Добавить в цитаты Настройки чтения

Страница 27 из 64

Клейборн вздыхал, пробегая глазами текст. Он уже попал в ловушку, сам начав размышлять как сценарист. Ему хотелось убрать лишнее из диалогов, сделать так, чтобы разница между вымыслом и реальностью была самоочевидной.

Когда солнце село, он включил свет, достал из дипломата блокнот и стал делать записи.

Кондиционер гудел в темноте, лампа светилась над головой Клейборна, и он продолжал писать, ощущая себя в другом месте, в другом времени. В мире Нормана.

Стук в дверь вернул его к действительности.

— Да? — Он поднялся и пересек комнату. — Кто там?

— Том Пост.

Клейборн открыл дверь и увидел улыбавшегося старика.

— На этот раз я решил постучать. Вы заняты?

— Нет. — Клейборн покачал головой. Вот любопытный старый хрыч. Что ему нужно?

— Увидел у вас свет. Дай, думаю, загляну, предложу выпить пива. — И Пост кивком указал на банки, которые держал в руках. — За счет заведения.

Он захихикал.

С мгновение Клейборн колебался, однако в голосе старика слышалось нечто, что нельзя было игнорировать. Хихиканье, нервный смешок говорили не о веселье, а скорее о попытке от чего-то защититься или что-то скрыть. Что же скрывал Том Пост?

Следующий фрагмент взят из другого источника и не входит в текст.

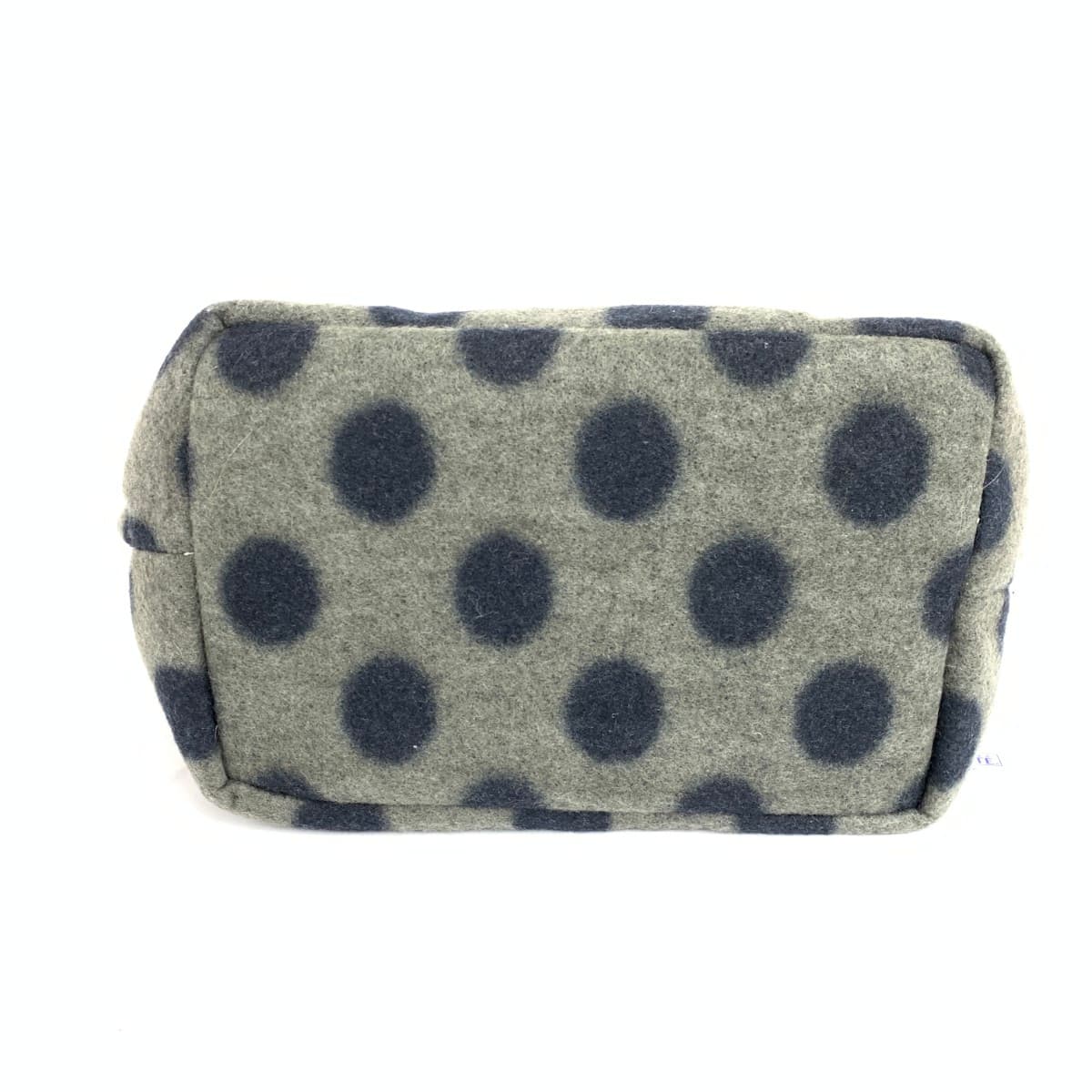 ROOTOTE Tote Bag Unused Item Feather Lou Dot Pattern Felt Gray Women's 5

— Входите. — Клейборн отступил на шаг. — Пойду поищу в ванной чистые стаканы.

— Мне не надо.

Пост придвинулся к стулу, поставил банки на стол и открыл обе большим пальцем левой руки. Одну банку он протянул Клейборну, подождал, пока тот сядет на край кровати, после чего поднял свою банку.

— Ваше здоровье.

— И ваше. — Клейборн сделал глоток.

— В такую погоду только пиво и пить. — И снова послышался смешок. А серо-зеленые глазки меж тем бегали по комнате, пока не остановились на столе. — Сценарий? — спросил старик. — Вы вроде бы говорили, что не имеете отношения к киноиндустрии.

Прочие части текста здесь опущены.